In my life I’ve only ever walked out of one movie, Clint Eastwood’s Unforgiven. I was 13 years old and went to see it with my grandma Bunny and my mom. My mom had driven south from Portland to LA to pick me up from summer camp and we were staying with Bunny for a couple of days in Woodland Hills before heading back home. Unforgiven features a great deal of horror and violence and it was too much for me back then. Half way through I leaned over to my mom that I couldn’t watch anymore and left. I slipped into the theater across the hall and spent the next hour watching that summer’s inane hit, HouseSitter.
Tonight I went to see a preview screening of Flags of our Fathers, Clint Eastwood’s newest movie. I sat through the movie with my stomach churning, fingers splayed in front of my eyes in an attempt to avoid seeing some of the worst moments. I felt a lot like I had when I was thirteen, and had not been the fifth person in the row, I might have stepped out for a minute or two in the middle. Several times I had to consciously think the words, “breath deeply Marisa, this is only a movie.”

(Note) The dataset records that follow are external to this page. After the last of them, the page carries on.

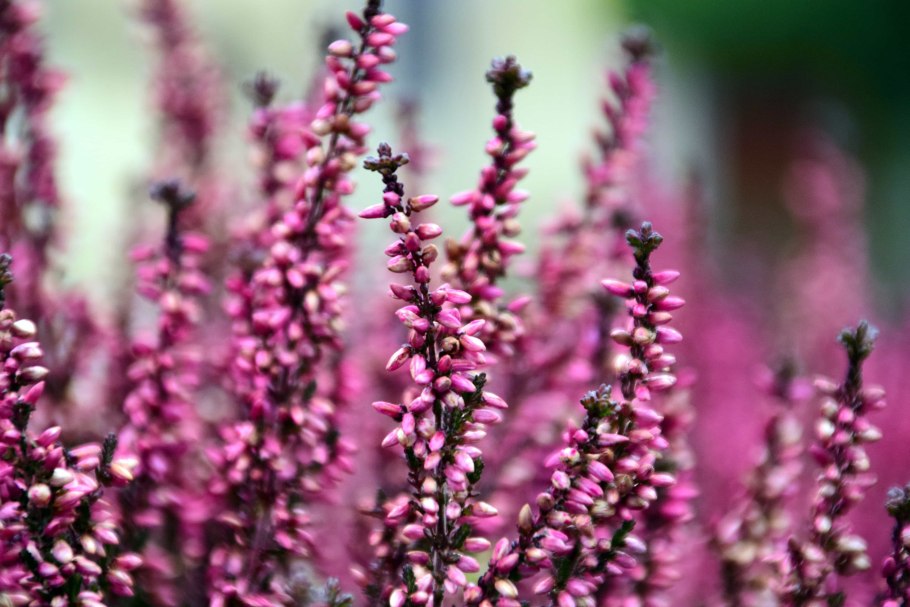 Растение Вереск обыкновенный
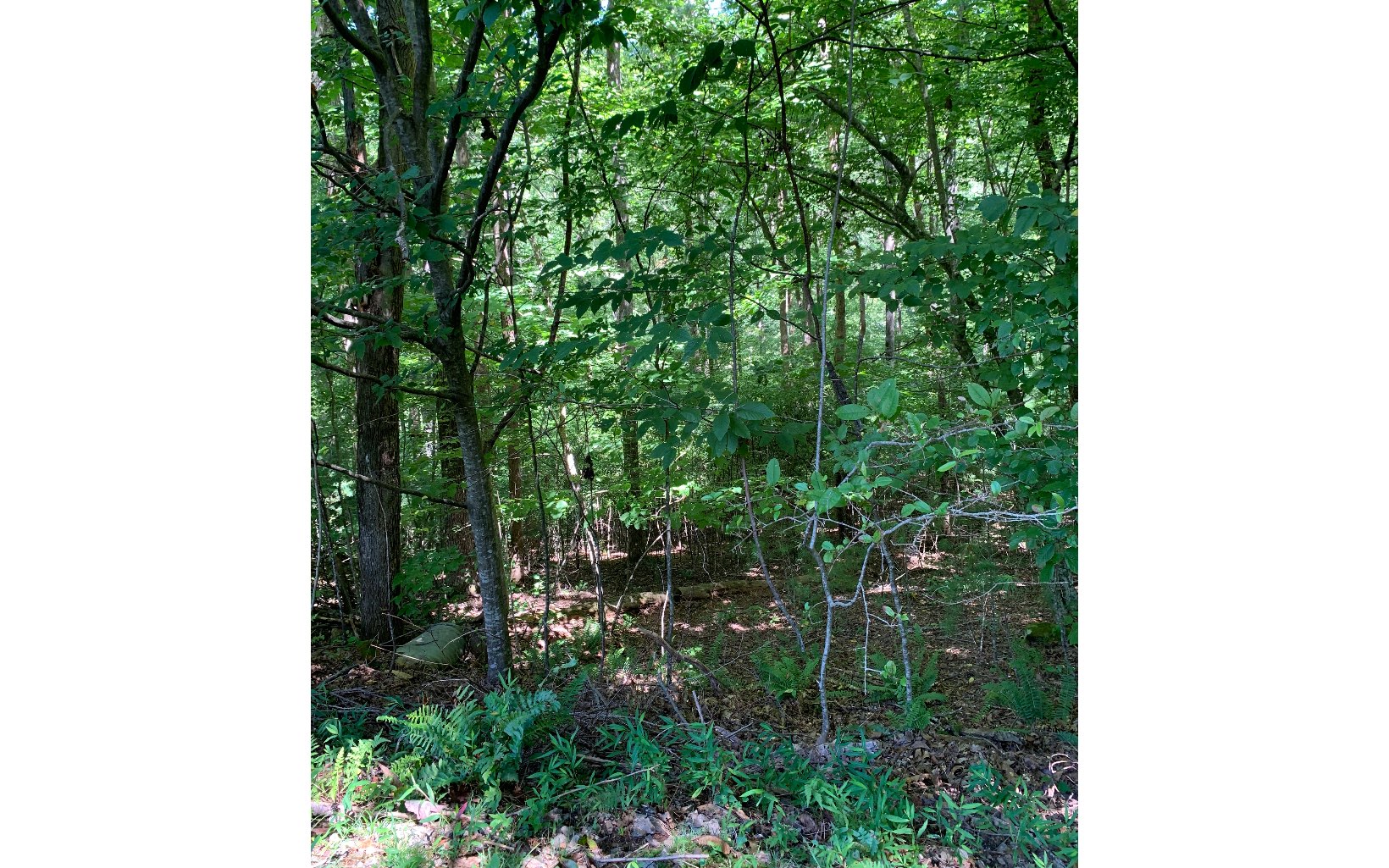 Lot20 Bryant Cove Road Blairsville, GA 30512 - Photo 3 of 12 a view of a forest with trees and flowers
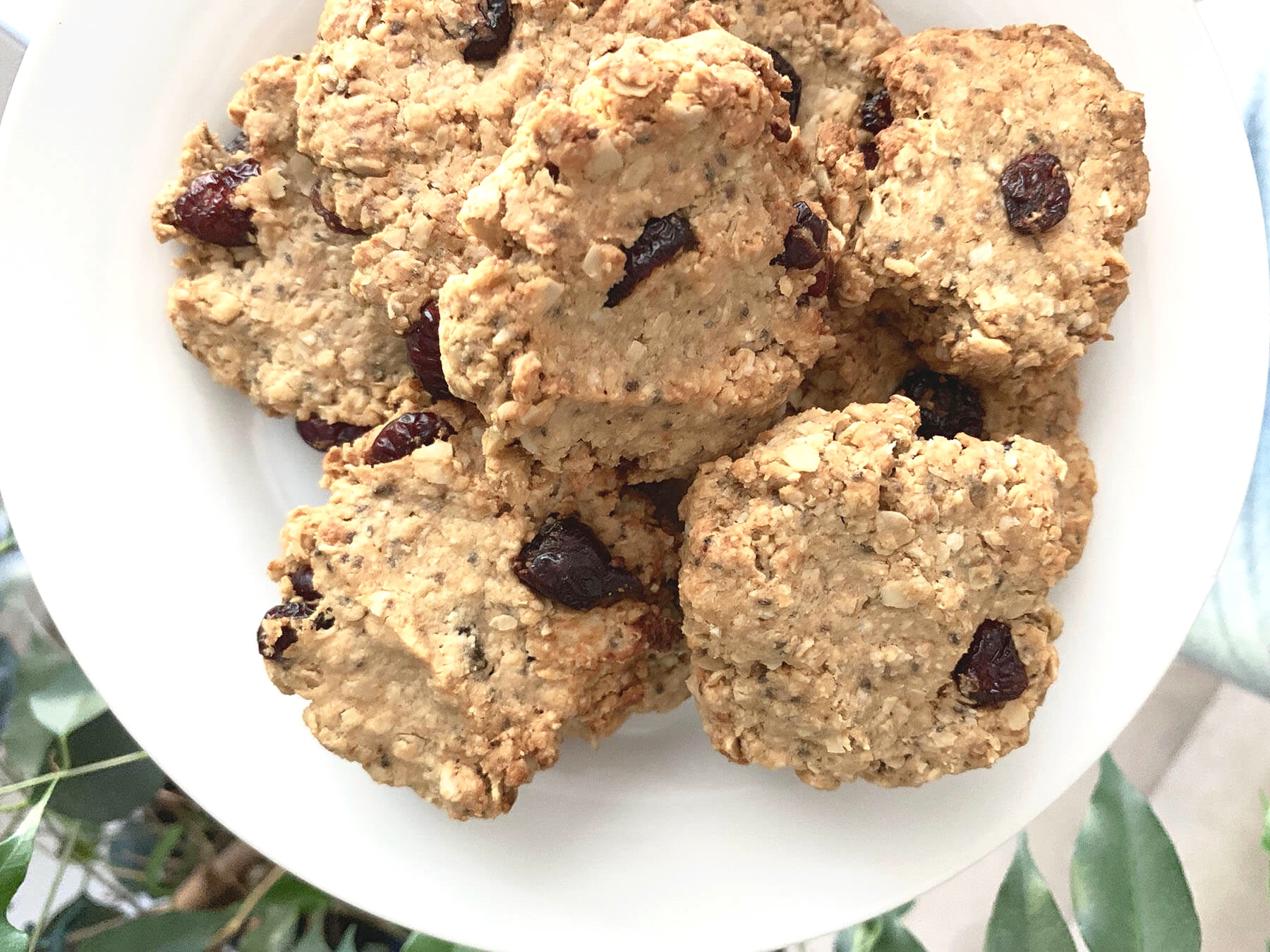 healthier oatmeal cookies- eat and bloom.jpg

These days I have a little more distance and perspective with which to watch a movie like this, and I started to see it as a distinctly anti-war movie (some said that Unforgiven was statement against violence, I wasn’t able to see it at the time). In depicting, with absolute specificity, the graphic nature of war and death, he shows the level to which we waste humanity when we send young people into battle. We experience the relationships that the men in the movie have with one another, and when they are killed, it feels for a moment as if we have experienced a real loss as well. It’s not a movie I think I will ever need to watch again, but I’m grateful to have had the experience of it.